Рэмбо разложил на полу „посольства“ план расположения подвальных помещений и стал переносить их контуры куском породы на доски. Али по схеме разметил расположение водоснабжения и канализации. Покончив с этим, они перешли туда, где должен был находиться продовольственный склад, и сели на пол.
— Здесь? — Рэмбо постучал пяткой по доскам и вопросительно посмотрел на Али.
Али дотянулся рукой до „винного погреба“ и постучал кулаком по полу.
— А может, здесь?..
Глава 8
Том Пери, двадцатипятилетний красавец, сын миллионера и сам преуспевающий бизнесмен, сидел в котельной американского посольства на восемнадцатидюймовой трубе, обмотанной асбестовой изоляцией, и размышлял о превратностях судьбы. Казалось бы, ничто не предвещало такого крутого поворота событий.
Совсем еще недавно Том был приглашен вместе с другими американскими бизнесменами в Ниаваранский дворец — блестящую шахскую резиденцию. И сам "царь царей", могущественный шахиншах, лев Ирана Мохаммед Реза Пехлеви благосклонно изволил пожать ему руку. А потом он был представлен шахине. Сорейя одарила его такой ослепительной улыбкой, что Том, кажется, чуть не потерял рассудок. Все слова, которые он приготовил для соответствующего случая, вылетели у него из головы, и он стоял истуканом до тех пор, пока это не сочли неприличным и не увели его вежливо, но настойчиво в банкетный зал. Несколько ночей потом снилась ему обворожительная улыбка шахини.
Молодящийся шах был еще крепок и бодр и чувствовал себя спокойно и уверенно, как и подобает "царю царей". Но уже исподволь что-то назревало, разливалось тревогой, смутными слухами. Из Франции ждали возвращения после многолетней эмиграции аятоллы Рухоллы Мусави Хомейни — злейшего врага шаха. И тогда в "Нью-Йорк тайме" промелькнуло: "Если Хомейни придет к власти, то ограничит роль в Иране иностранных компаний, выдворит американских советников, прекратит экспорт нефти в Израиль и Южную Африку".

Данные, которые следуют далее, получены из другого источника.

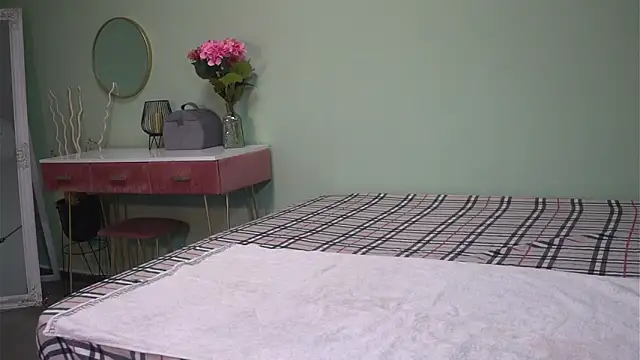 CelineConner online show from January 16, 2025, 5:11 am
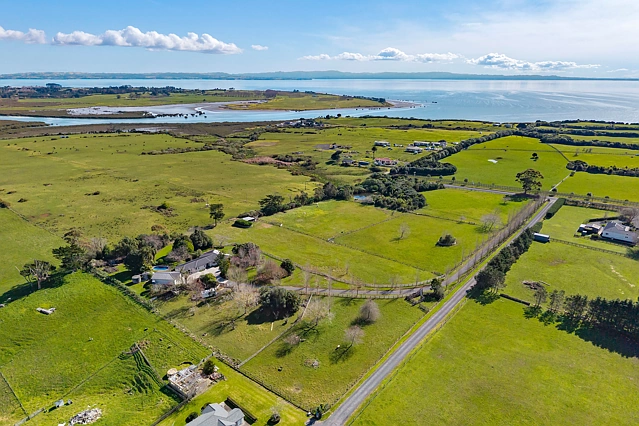 63 Whatapaka Road, Karaka, Franklin District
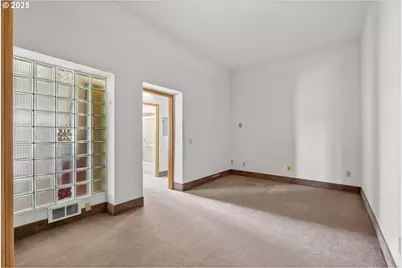 2365 4th St #201, Baker City, OR 97814 - Photo 9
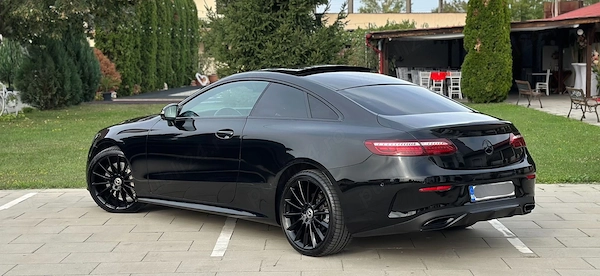 MERCEDES-BENZ 300 2021 — imagine 2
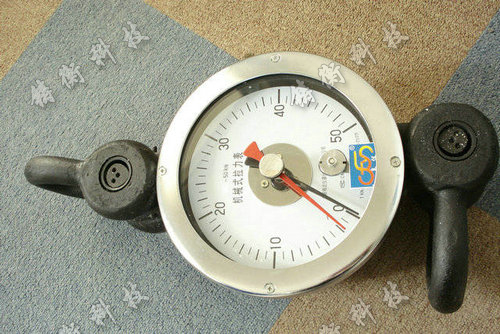 指针式测力计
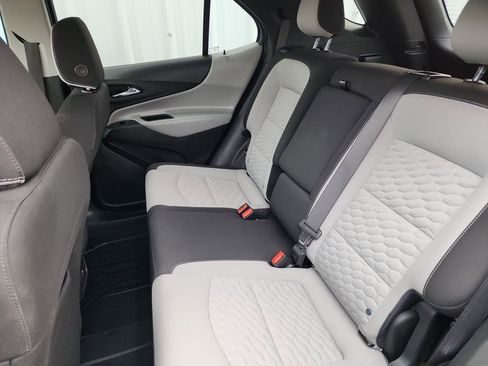 Used 2021 Chevrolet Equinox LT image 38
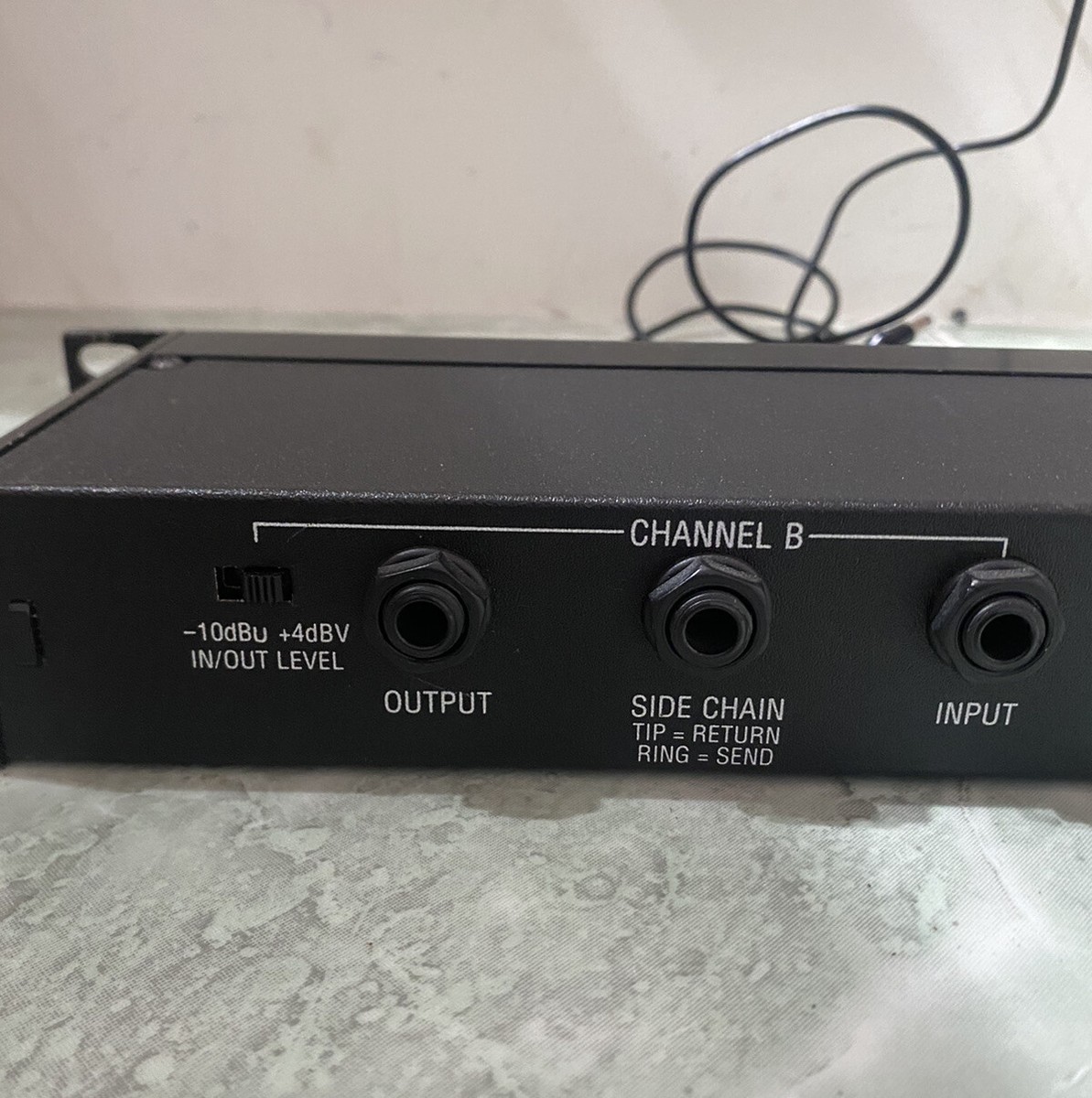 DTM・DAW ALESIS 3630 Comp/Limiter/Gate Alesis 3630 Compressor Limiter with Gate: Why and How I Use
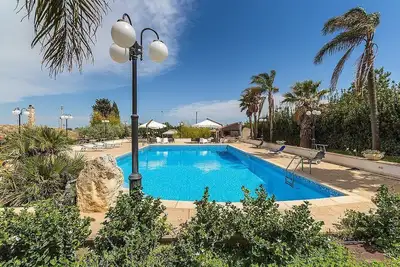 Image de Villa Tormalina: An elegant and welcoming villa in a quiet position, surrounded by the Sicilian countryside, with Free Wi-Fi.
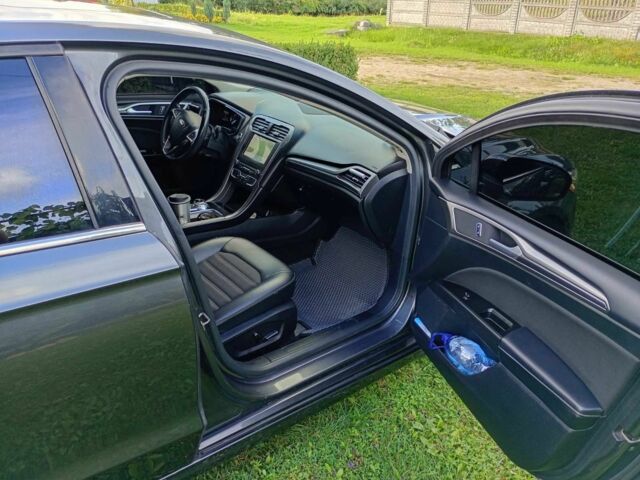 Сірий Форд Фьюжен, об'ємом двигуна 2 л та пробігом 139 тис. км за 13800 $, фото 2 на Automoto.ua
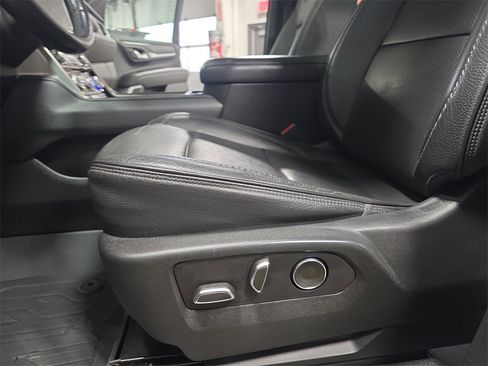 Used 2021 GMC Yukon Denali w/ Denali Premium Package image 30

Том Пери пропустил это мимо ушей. Он не был связан с нефтяными компаниями — его бизнес процветал на радиоэлектронике. И он твердо был уверен: пока существует цивилизация, в нем будут нуждаться в любой стране.
А зять шаха Захеди, посол Ирана в США, успокаивал своего тестя сладкозвучными речами: дружба Америки с Ираном непоколебима, и пока вращается Земля, шаху нечего опасаться — враги его иллюзорны, а друзья могущественны.